» Entries supplied
======
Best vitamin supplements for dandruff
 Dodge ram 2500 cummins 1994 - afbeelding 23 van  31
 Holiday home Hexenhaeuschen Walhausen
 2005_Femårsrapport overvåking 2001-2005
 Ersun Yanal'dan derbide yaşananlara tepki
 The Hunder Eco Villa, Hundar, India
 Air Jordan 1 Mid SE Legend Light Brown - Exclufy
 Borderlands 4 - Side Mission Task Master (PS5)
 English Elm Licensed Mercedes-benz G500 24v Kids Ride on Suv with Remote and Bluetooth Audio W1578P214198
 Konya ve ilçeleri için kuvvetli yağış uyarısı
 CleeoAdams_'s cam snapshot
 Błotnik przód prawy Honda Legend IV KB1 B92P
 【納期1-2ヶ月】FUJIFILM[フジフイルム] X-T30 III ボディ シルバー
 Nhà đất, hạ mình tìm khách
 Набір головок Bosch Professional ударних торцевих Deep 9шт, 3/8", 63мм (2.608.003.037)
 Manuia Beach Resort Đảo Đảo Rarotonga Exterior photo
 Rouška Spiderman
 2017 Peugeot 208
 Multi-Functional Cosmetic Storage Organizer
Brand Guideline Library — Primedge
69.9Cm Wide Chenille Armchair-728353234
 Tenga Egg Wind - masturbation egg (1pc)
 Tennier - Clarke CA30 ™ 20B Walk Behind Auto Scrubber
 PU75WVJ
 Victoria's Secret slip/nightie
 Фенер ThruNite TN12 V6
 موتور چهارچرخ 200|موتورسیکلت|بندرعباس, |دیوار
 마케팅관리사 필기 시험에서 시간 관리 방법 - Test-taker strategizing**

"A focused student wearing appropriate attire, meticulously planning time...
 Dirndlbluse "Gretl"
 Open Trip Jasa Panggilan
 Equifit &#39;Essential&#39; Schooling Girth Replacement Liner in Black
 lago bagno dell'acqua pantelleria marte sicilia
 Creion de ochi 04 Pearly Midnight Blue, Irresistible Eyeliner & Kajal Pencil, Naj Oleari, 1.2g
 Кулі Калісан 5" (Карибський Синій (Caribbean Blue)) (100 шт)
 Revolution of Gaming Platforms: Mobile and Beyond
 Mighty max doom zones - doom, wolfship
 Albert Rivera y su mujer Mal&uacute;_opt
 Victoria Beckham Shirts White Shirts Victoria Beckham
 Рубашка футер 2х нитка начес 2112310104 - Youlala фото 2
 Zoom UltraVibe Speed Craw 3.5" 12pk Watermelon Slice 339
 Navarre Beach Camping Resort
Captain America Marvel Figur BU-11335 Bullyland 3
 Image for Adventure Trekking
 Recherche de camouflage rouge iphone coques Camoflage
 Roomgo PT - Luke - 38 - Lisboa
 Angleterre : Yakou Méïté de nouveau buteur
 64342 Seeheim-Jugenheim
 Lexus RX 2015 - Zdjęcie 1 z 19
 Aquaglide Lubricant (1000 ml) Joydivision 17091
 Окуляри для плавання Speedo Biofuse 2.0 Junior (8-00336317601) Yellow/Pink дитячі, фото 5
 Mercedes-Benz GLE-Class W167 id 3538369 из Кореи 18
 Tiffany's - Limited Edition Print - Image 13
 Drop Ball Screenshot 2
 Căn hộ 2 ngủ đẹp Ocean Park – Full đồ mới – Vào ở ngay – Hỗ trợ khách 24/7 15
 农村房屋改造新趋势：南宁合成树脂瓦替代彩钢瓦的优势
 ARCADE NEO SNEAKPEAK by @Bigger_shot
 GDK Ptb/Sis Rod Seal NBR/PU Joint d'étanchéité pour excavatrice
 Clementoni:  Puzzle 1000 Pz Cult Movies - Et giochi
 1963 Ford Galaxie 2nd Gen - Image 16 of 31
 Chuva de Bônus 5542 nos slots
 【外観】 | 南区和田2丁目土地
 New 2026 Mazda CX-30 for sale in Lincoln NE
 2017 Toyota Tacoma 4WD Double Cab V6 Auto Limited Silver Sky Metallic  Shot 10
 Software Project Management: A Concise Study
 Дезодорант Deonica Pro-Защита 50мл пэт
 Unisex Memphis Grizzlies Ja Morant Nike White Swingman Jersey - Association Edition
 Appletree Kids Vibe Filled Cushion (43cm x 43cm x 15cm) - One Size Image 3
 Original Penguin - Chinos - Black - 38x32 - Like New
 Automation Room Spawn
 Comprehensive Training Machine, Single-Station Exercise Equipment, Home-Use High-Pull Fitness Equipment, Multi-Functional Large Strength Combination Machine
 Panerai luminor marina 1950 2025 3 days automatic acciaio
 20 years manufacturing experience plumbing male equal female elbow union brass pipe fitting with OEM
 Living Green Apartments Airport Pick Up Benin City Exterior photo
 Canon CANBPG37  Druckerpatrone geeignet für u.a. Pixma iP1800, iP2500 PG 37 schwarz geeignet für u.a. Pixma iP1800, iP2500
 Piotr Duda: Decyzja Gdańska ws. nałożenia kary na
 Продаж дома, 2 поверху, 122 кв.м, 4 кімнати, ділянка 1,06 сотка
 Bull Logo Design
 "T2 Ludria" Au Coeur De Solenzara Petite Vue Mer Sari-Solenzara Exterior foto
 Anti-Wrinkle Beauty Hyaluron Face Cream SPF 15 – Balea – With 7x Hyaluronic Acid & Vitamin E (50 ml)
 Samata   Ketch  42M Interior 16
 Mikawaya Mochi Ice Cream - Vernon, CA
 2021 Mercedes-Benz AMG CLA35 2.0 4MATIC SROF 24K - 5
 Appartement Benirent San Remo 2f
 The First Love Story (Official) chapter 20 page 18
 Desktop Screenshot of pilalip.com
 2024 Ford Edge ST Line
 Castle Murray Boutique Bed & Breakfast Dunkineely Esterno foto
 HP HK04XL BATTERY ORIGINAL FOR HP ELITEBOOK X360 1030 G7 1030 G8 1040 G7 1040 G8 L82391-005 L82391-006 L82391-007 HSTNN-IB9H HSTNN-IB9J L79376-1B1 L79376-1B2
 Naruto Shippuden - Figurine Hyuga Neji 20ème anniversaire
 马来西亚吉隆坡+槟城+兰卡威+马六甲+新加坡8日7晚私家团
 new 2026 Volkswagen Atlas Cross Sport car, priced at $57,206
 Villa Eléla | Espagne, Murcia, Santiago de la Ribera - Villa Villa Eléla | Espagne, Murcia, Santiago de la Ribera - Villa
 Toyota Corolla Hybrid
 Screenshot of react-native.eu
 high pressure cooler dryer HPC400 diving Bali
======
» Aim of the task
Write all the entries out again exactly as they are.

» Solution for this exercise
Best vitamin supplements for dandruff
 Dodge ram 2500 cummins 1994 - afbeelding 23 van  31
 Holiday home Hexenhaeuschen Walhausen
 2005_Femårsrapport overvåking 2001-2005
 Ersun Yanal'dan derbide yaşananlara tepki
 The Hunder Eco Villa, Hundar, India
 Air Jordan 1 Mid SE Legend Light Brown - Exclufy
 Borderlands 4 - Side Mission Task Master (PS5)
 English Elm Licensed Mercedes-benz G500 24v Kids Ride on Suv with Remote and Bluetooth Audio W1578P214198
 Konya ve ilçeleri için kuvvetli yağış uyarısı
 CleeoAdams_'s cam snapshot
 Błotnik przód prawy Honda Legend IV KB1 B92P
 【納期1-2ヶ月】FUJIFILM[フジフイルム] X-T30 III ボディ シルバー
 Nhà đất, hạ mình tìm khách
 Набір головок Bosch Professional ударних торцевих Deep 9шт, 3/8", 63мм (2.608.003.037)
 Manuia Beach Resort Đảo Đảo Rarotonga Exterior photo
 Rouška Spiderman
 2017 Peugeot 208
 Multi-Functional Cosmetic Storage Organizer
Brand Guideline Library — Primedge
69.9Cm Wide Chenille Armchair-728353234
 Tenga Egg Wind - masturbation egg (1pc)
 Tennier - Clarke CA30 ™ 20B Walk Behind Auto Scrubber
 PU75WVJ
 Victoria's Secret slip/nightie
 Фенер ThruNite TN12 V6
 موتور چهارچرخ 200|موتورسیکلت|بندرعباس, |دیوار
 마케팅관리사 필기 시험에서 시간 관리 방법 - Test-taker strategizing**

"A focused student wearing appropriate attire, meticulously planning time...
 Dirndlbluse "Gretl"
 Open Trip Jasa Panggilan
 Equifit &#39;Essential&#39; Schooling Girth Replacement Liner in Black
 lago bagno dell'acqua pantelleria marte sicilia
 Creion de ochi 04 Pearly Midnight Blue, Irresistible Eyeliner & Kajal Pencil, Naj Oleari, 1.2g
 Кулі Калісан 5" (Карибський Синій (Caribbean Blue)) (100 шт)
 Revolution of Gaming Platforms: Mobile and Beyond
 Mighty max doom zones - doom, wolfship
 Albert Rivera y su mujer Mal&uacute;_opt
 Victoria Beckham Shirts White Shirts Victoria Beckham
 Рубашка футер 2х нитка начес 2112310104 - Youlala фото 2
 Zoom UltraVibe Speed Craw 3.5" 12pk Watermelon Slice 339
 Navarre Beach Camping Resort
Captain America Marvel Figur BU-11335 Bullyland 3
 Image for Adventure Trekking
 Recherche de camouflage rouge iphone coques Camoflage
 Roomgo PT - Luke - 38 - Lisboa
 Angleterre : Yakou Méïté de nouveau buteur
 64342 Seeheim-Jugenheim
 Lexus RX 2015 - Zdjęcie 1 z 19
 Aquaglide Lubricant (1000 ml) Joydivision 17091
 Окуляри для плавання Speedo Biofuse 2.0 Junior (8-00336317601) Yellow/Pink дитячі, фото 5
 Mercedes-Benz GLE-Class W167 id 3538369 из Кореи 18
 Tiffany's - Limited Edition Print - Image 13
 Drop Ball Screenshot 2
 Căn hộ 2 ngủ đẹp Ocean Park – Full đồ mới – Vào ở ngay – Hỗ trợ khách 24/7 15
 农村房屋改造新趋势：南宁合成树脂瓦替代彩钢瓦的优势
 ARCADE NEO SNEAKPEAK by @Bigger_shot
 GDK Ptb/Sis Rod Seal NBR/PU Joint d'étanchéité pour excavatrice
 Clementoni:  Puzzle 1000 Pz Cult Movies - Et giochi
 1963 Ford Galaxie 2nd Gen - Image 16 of 31
 Chuva de Bônus 5542 nos slots
 【外観】 | 南区和田2丁目土地
 New 2026 Mazda CX-30 for sale in Lincoln NE
 2017 Toyota Tacoma 4WD Double Cab V6 Auto Limited Silver Sky Metallic  Shot 10
 Software Project Management: A Concise Study
 Дезодорант Deonica Pro-Защита 50мл пэт
 Unisex Memphis Grizzlies Ja Morant Nike White Swingman Jersey - Association Edition
 Appletree Kids Vibe Filled Cushion (43cm x 43cm x 15cm) - One Size Image 3
 Original Penguin - Chinos - Black - 38x32 - Like New
 Automation Room Spawn
 Comprehensive Training Machine, Single-Station Exercise Equipment, Home-Use High-Pull Fitness Equipment, Multi-Functional Large Strength Combination Machine
 Panerai luminor marina 1950 2025 3 days automatic acciaio
 20 years manufacturing experience plumbing male equal female elbow union brass pipe fitting with OEM
 Living Green Apartments Airport Pick Up Benin City Exterior photo
 Canon CANBPG37  Druckerpatrone geeignet für u.a. Pixma iP1800, iP2500 PG 37 schwarz geeignet für u.a. Pixma iP1800, iP2500
 Piotr Duda: Decyzja Gdańska ws. nałożenia kary na
 Продаж дома, 2 поверху, 122 кв.м, 4 кімнати, ділянка 1,06 сотка
 Bull Logo Design
 "T2 Ludria" Au Coeur De Solenzara Petite Vue Mer Sari-Solenzara Exterior foto
 Anti-Wrinkle Beauty Hyaluron Face Cream SPF 15 – Balea – With 7x Hyaluronic Acid & Vitamin E (50 ml)
 Samata   Ketch  42M Interior 16
 Mikawaya Mochi Ice Cream - Vernon, CA
 2021 Mercedes-Benz AMG CLA35 2.0 4MATIC SROF 24K - 5
 Appartement Benirent San Remo 2f
 The First Love Story (Official) chapter 20 page 18
 Desktop Screenshot of pilalip.com
 2024 Ford Edge ST Line
 Castle Murray Boutique Bed & Breakfast Dunkineely Esterno foto
 HP HK04XL BATTERY ORIGINAL FOR HP ELITEBOOK X360 1030 G7 1030 G8 1040 G7 1040 G8 L82391-005 L82391-006 L82391-007 HSTNN-IB9H HSTNN-IB9J L79376-1B1 L79376-1B2
 Naruto Shippuden - Figurine Hyuga Neji 20ème anniversaire
 马来西亚吉隆坡+槟城+兰卡威+马六甲+新加坡8日7晚私家团
 new 2026 Volkswagen Atlas Cross Sport car, priced at $57,206
 Villa Eléla | Espagne, Murcia, Santiago de la Ribera - Villa Villa Eléla | Espagne, Murcia, Santiago de la Ribera - Villa
 Toyota Corolla Hybrid
 Screenshot of react-native.eu
 high pressure cooler dryer HPC400 diving Bali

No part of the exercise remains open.